Lol! true.....smartarse! one single person may not know the answer! But someone may know if its a national stockage or only certain stores.


----------



## Beanedict (Aug 14, 2017)

So my experience from the earlier post was about the "Kenya" barrel, with green writing. Going to compare it again today with dark roast from kickback coffee. This Kenyan looses to Fruit and Nut Espresso blend from Pact, which is also a Dark Roast and contains a blend of Caturra, Pacamara, Bourbon, Catuai, which tastes nutty with dry fruit, whereas Lidl one has no such notes and is more bitter. I feel my taste is gradually sliding into a lighter roast :/



Mr Beanie said:


> Lol! true.....smartarse!










could not resist


----------



## AndyDClements (Aug 29, 2016)

Beanedict said:


> Nobody dares to comment on the taste of those three wonderful barrels?


Does that mean that you think the barrels themselves would yield a better drink than the coffee they contain? If you were suggesting that, I'd possibly not wish to wager either way.
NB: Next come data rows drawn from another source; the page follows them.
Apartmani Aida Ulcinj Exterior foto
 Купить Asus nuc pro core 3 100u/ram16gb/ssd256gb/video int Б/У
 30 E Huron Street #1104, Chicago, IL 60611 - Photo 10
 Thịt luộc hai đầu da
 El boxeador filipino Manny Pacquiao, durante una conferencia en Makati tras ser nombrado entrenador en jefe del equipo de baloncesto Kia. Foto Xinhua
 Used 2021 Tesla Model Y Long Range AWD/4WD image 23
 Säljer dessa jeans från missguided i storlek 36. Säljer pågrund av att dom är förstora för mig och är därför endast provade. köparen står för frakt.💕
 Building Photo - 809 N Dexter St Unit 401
I have been to a Lidl today and purchased two barrels of coffee, just because I'm thinking the beans cannot be as bad as some supermarket stuff... but bracing myself to be wrong.


----------



## Beanedict (Aug 14, 2017)

So, I am sipping a dark roast (at least it looks and feels darker, see my previous pics), Mexico El Jaguar (from my local roaster, Kickback Coffee), and, for the lack of my articulation skills, it is full of interesting flavours - it tastes more alive, more fresh, compare to that Kenyan from Lidl. Like a fresh chocolate cake compared to an older/dryer cake. I also tried beans from Aldi (coz why the hell not) which happened to be horrible, and Beans from Tesco, which were similar to the Kenyan from Lidl. All dark roast.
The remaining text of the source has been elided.